Output only the lines that run from the line holding "Photo 4 - Tesla Model Y" to the end of the entries, both ends included, and skip the pictures.

[Short text fragments from websites]
--------

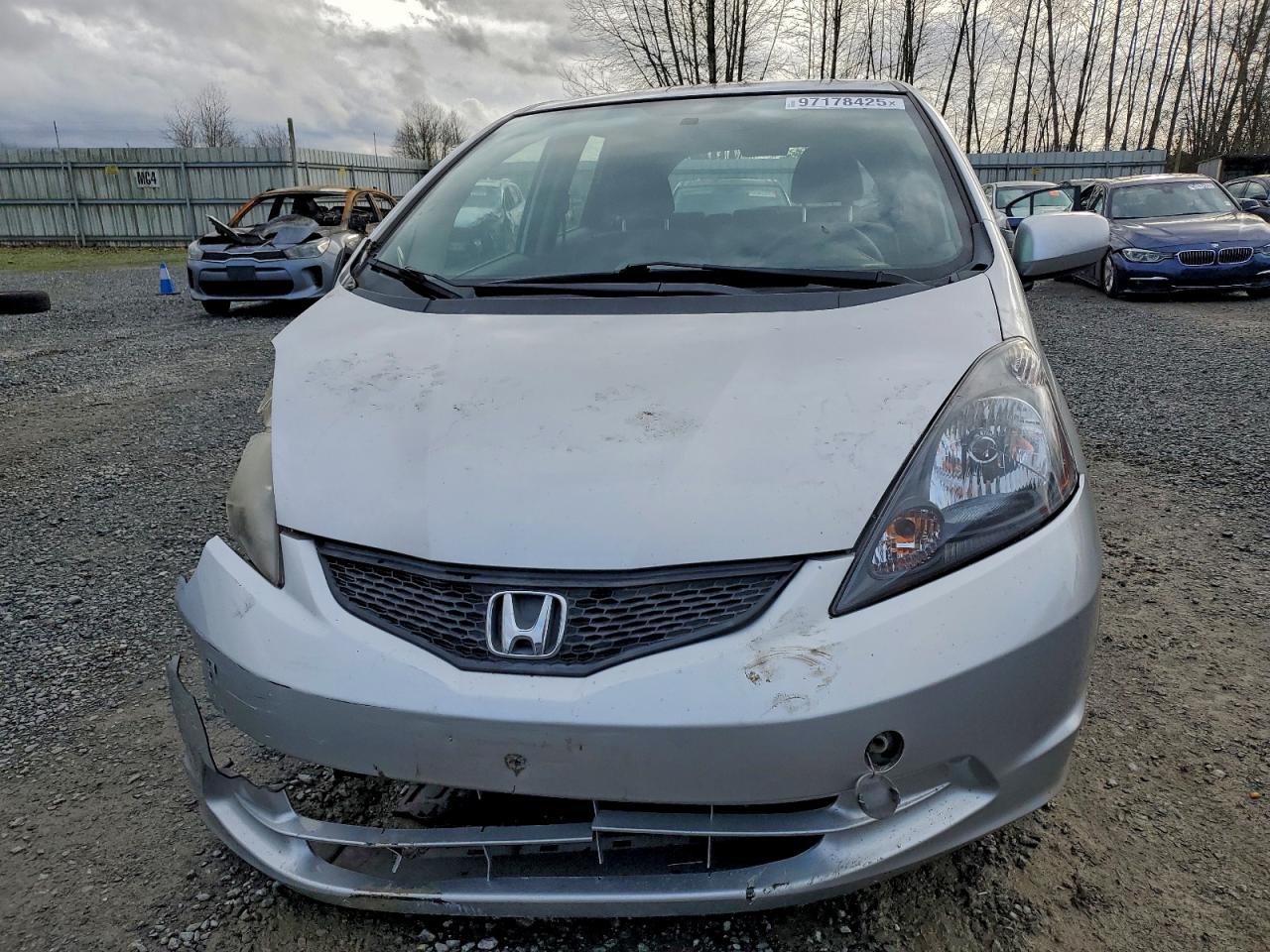 2013 HONDA FIT photo 9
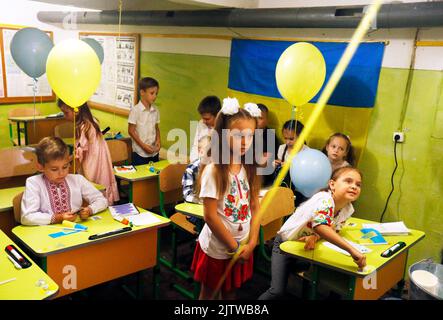 Odesa, Ukraine. 1. September 2022. Schulkinder besuchen am ersten Schultag eine Klasse in einem Bombenhaus in der südukrainischen Stadt Odesa. Der Tag des Wissens wird jedes Jahr am 01. September als traditioneller Beginn eines neuen Schuljahres gefeiert. Die Kinder kommen wieder in die Schule, da das Land ein halbes Jahr nach der russischen Invasion übertrifft. Nicht viele Kinder in der Region Odessa werden wieder in Schulen gehen, da nur Schulen mit Bombenschutzeinrichtungen geöffnet werden und die meisten Kinder aufgrund des Krieges weiterhin online lernen werden. Angaben zufolge von den Medien. (Bild: © Pavlo Gonchar/SOPA Images via Stockfoto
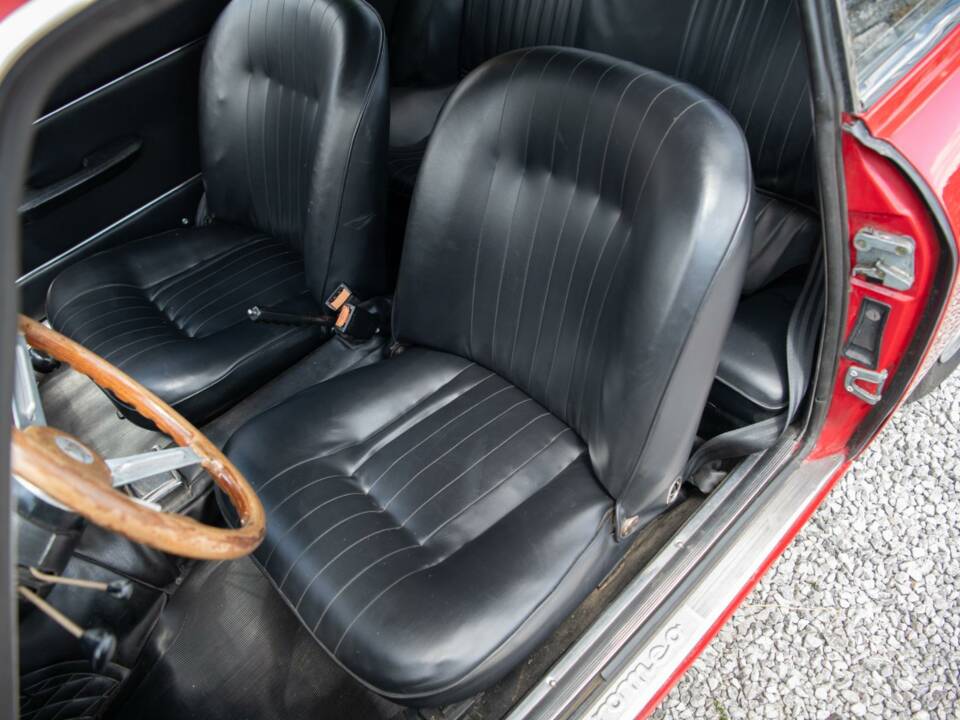 Image 6/10 de Alfa Romeo Giulia GT 1300 Junior (1972)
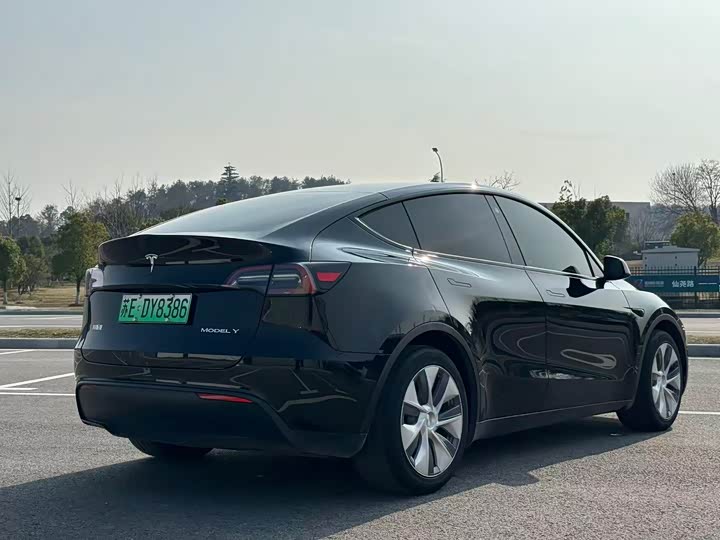 Photo 4 - Tesla Model Y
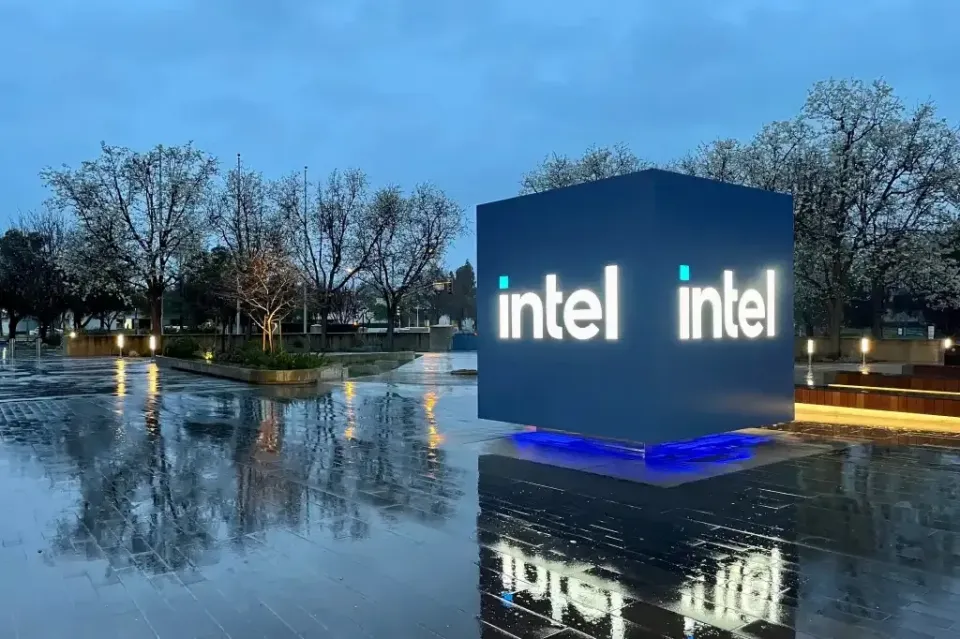 Nhân viên Intel được nhận 500.000 Euro nếu tự nguyện thôi việc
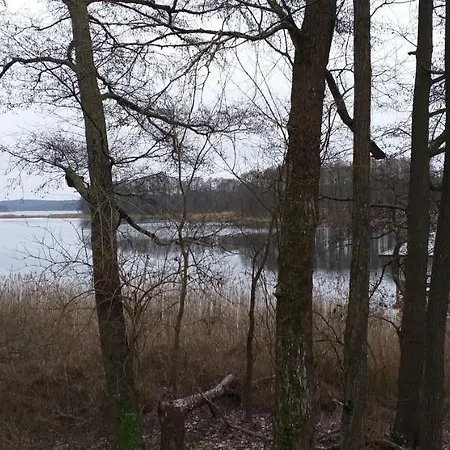Mazury Caloroczny Przy Lesie, Jezioro Vila *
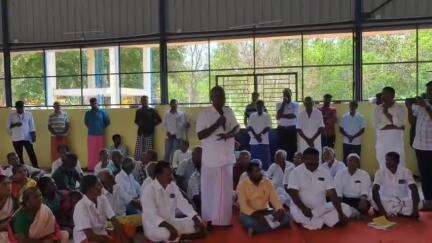 திருப்புவனம்: உலக தண்ணீர் தினத்தை முன்னிட்டு, லாடனேந்தல் கிராமத்தில் நடைபெற்ற கிராம சபைக்கூட்டம்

--------

> [Exercise answer]
 Photo 4 - Tesla Model Y
 Nhân viên Intel được nhận 500.000 Euro nếu tự nguyện thôi việc
Mazury Caloroczny Przy Lesie, Jezioro Vila *
 திருப்புவனம்: உலக தண்ணீர் தினத்தை முன்னிட்டு, லாடனேந்தல் கிராமத்தில் நடைபெற்ற கிராம சபைக்கூட்டம்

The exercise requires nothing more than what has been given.